Just after school starts, everything changes for Ursula: She develops smallpox. When she recovers, her face is covered with scabs. Despite all of Ursula’s wishes and hopes and prayers, the little holes on her face remain. Yet Ursula might have moved forward with her life, if not for the incident at the stagecoach. A passenger laughs at her and cruelly says that her face looks like Swiss cheese. From that day on, Ursula refuses to leave her room. With nothing better to do, she begins to play the harmonica. One day, the family’s cook sends her a thank-you gift for her music, which he can hear from the family’s restaurant kitchen. And so begins Ursula’s friendship with a Chinese man named Ah Sam that also changes her life.

When the Circus Comes to Town by Lawrence Yep tackles prejudice through different characters. First, Ursula is ridiculed for her face. Her father encourages, “There are donkeys in the world like that man, but most people aren’t donkeys.” Second, there is Ah Sam. His hire didn’t sit well with the town. Folks complained that Chinese used a drug called opium, cheated and stole, and shouldn’t be trusted. Even Ursula initially feels mad at her parents for hiring a foreigner. Third, there is Tom. He is Native American. Upon meeting Ah Sam, Tom tells him that he has the mark. In other words, they have the same skin and eyes. They’re the “ones standing outside looking at the party inside”.

As Ursula becomes friends with Ah Sam, he introduces her to various aspects of Chinese culture. Initially, these are only briefly described. For example, one of Ah Sam’s presents to Ursula is a complicated design of golden threads that spells out the Chinese word for happiness. When Ursula ventures out of her room and into the kitchen and meets Ah-Sam for the first time, he’s using Chinese knives. They look like cleavers, with even the handles being made of metal. As he teaches Ursula how to cook rice, she asks about his long hair and the string designs that he made for her. Ursula learns that Ah Sam hopes to one day return home to China to see his family.

By now, Ursula and Ah Sam have become friends. She invites him to celebrate Christmas with her family.
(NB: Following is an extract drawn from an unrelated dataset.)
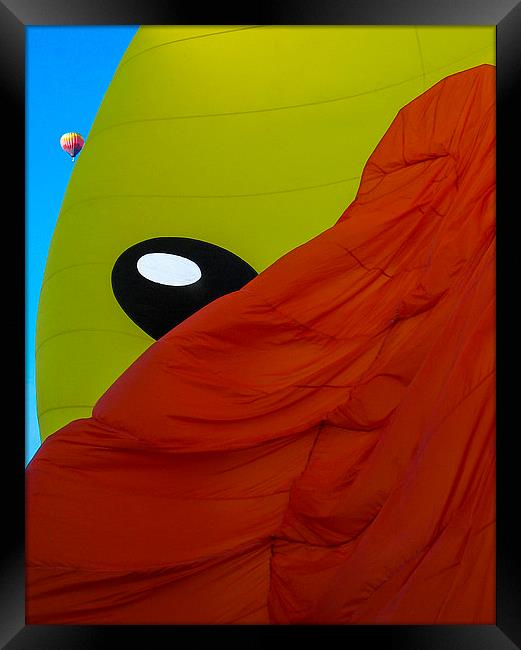 Hot air balloona Framed Print by Steven Ralser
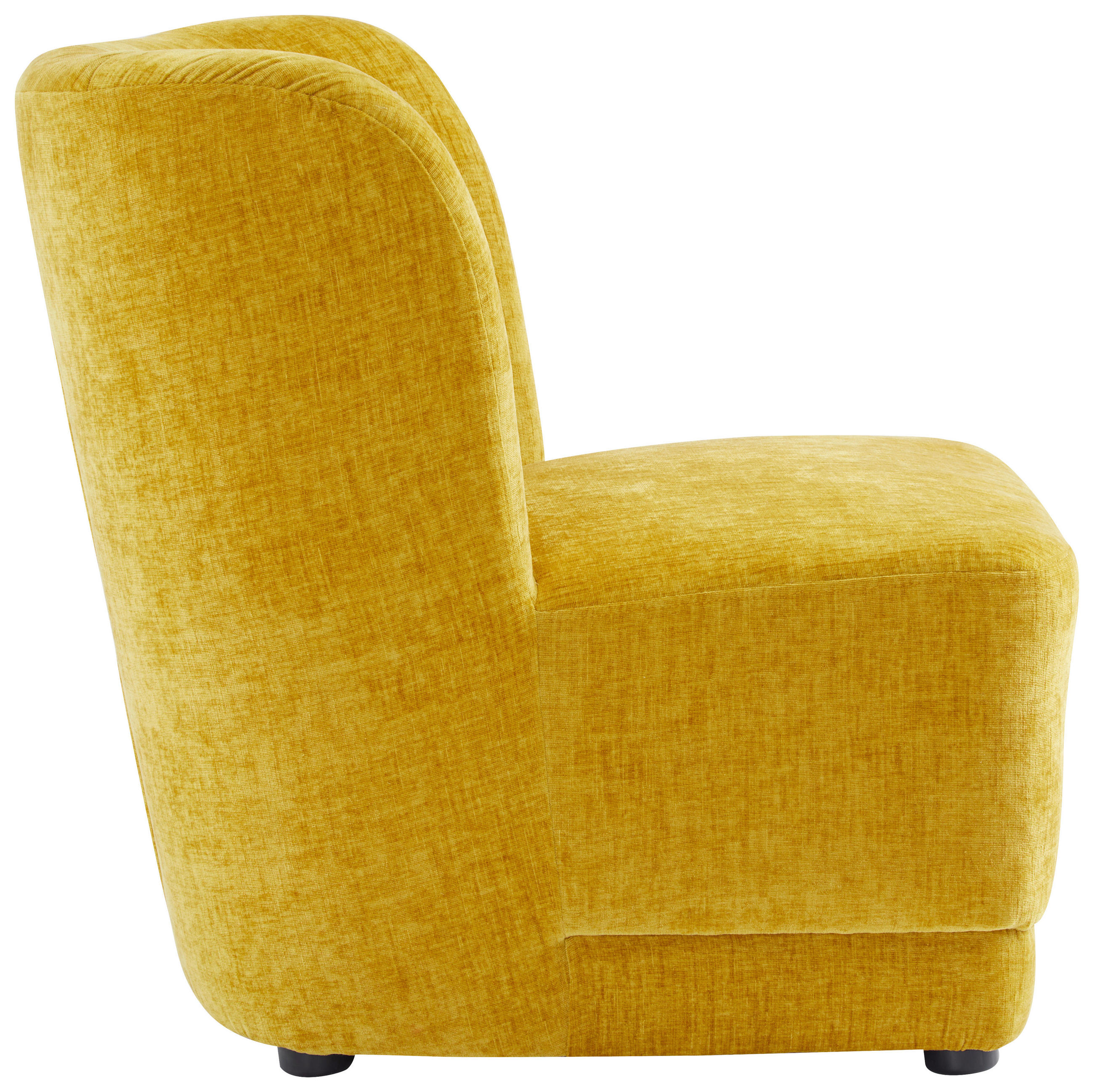 SESSEL Flachgewebe Gelb    - Gelb, Design, Holz/Textil (64/71/73cm) - MID.YOU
He makes plans to celebrate the Chinese New Year with his cousins and invites Ursula to join them. Ursula’s family learns that the Chinese New Year use a different calendar. Ah Sam also tells them part of celebrating the Chinese New Year involves putting on a circus, but first the cousins wish to practice their tricks by showing them to Ursula and her family. Ursula scoffs at the idea: How can four people put on a circus? Ah Sam responds, “What do you think a circus is? Big tents and big bands and lots of performers?” Well, yes, this is what Ursula thought a circus meant. Ah Sam informs her, “The magic doesn’t come from size and flash.” One of most delightful sections of When The Circus Came To Town describes the Chinese circus tricks. On the heels of that section, readers also learn about other things that happen on Chinese New Year too such as the payment of debts, delivery of money to children, cutting of hair and trimming of braids (queue), and setting off fireworks and beat gongs to scare away bad spirits. All of these are supposed to be important to Chinese people in preparing for the future.
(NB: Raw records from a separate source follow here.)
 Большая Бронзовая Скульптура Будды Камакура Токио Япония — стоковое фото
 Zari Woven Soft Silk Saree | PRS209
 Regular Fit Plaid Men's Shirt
You might be surprised to learn that When the Circus Comes to Town is based on real events. There was no Ursula, but there was an epidemic that disfigured a number of people–including an attractive young woman. Instead of one Chinese cook, there were two. Otherwise, Yep followed the real events that occurred in Montana in the last half of the nineteenth century and early twentieth century. If you wish to read more, check out Elliot Paul’s memoir A Ghost Town on the Yellowstone.

My rating? Read it: Borrow from your library or a friend. It’s worth your time.

How would you rate this book?

Growing up in San Francisco, Lawrence Yep felt alienated. He grew up in an African-American neighborhood and didn’t experience white American culture until high school. Despite not speaking Chinese, Yep attended school in Chinatown, where he was labeled a “dumbbell Chinese” because he spoke only English. Both of these situations made Yep feel as if lacked a culture.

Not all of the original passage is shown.